Introduction

In arid and semi-arid regions, groundwater is the main source for use in irrigation and drinking water supply. The management of groundwater resources is a major challenge facing the populations of such regions, especially when the extracted resources exceed their capacity for renewal (natural recharge). Successive years of drought together with the pressure of population growth and harmful agricultural practices increase the groundwater supply and lead systematically to the decrease of this resource, putting these populations at a high risk to its availability.

In the Gafsa region, west-central Tunisia, groundwaters are exploited for agricultural and domestic purposes.
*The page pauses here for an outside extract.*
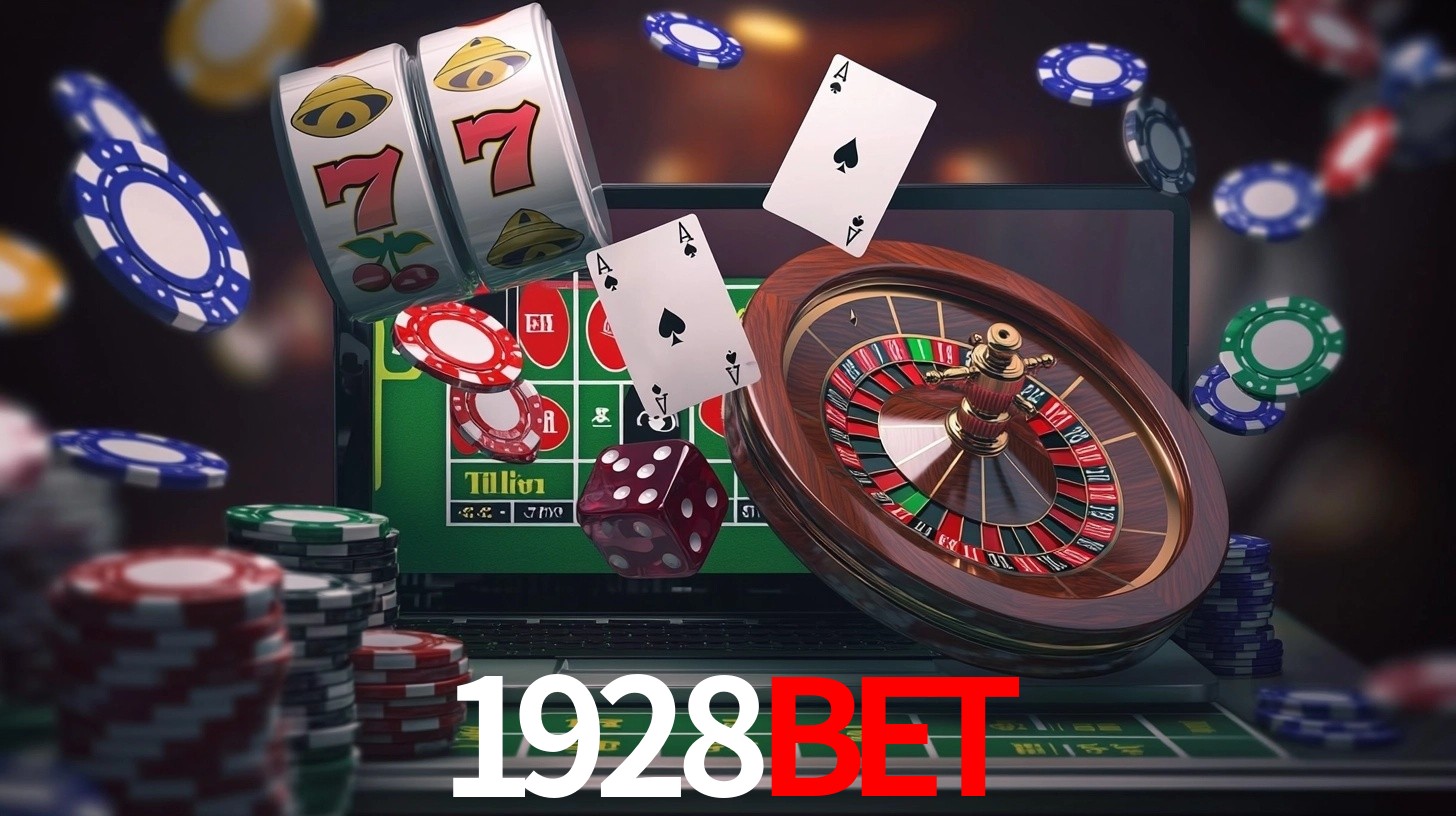 Instant EasyPaisa 1928BET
Agricultural activities are particularly developed in the northeastern part of this region (acknowledged as Gafsa North), where groundwaters are mostly of good quality (salinity exceeds rarely 3.5 g/l) (CRDA- Gafsa 2016) and the number of industrial wells is still rising during the last decades, exceeding the planned abstraction rate. In fact, in Gafsa North, the exploitable groundwater resources are estimated to be about 33.1 millions of m3/year (CRDA- Gafsa 2016); however, the abstraction exceeds remarkably the renewing rates; by way of example and evidence, the abstracted groundwaters are evaluated to be about 38 millions of m3 in 2012 (CRDA- Gafsa 2016). In the few following years, the excessive abstraction for irrigation will result in an overexploitation of groundwater resources in this region if no emergency management and policies are planned.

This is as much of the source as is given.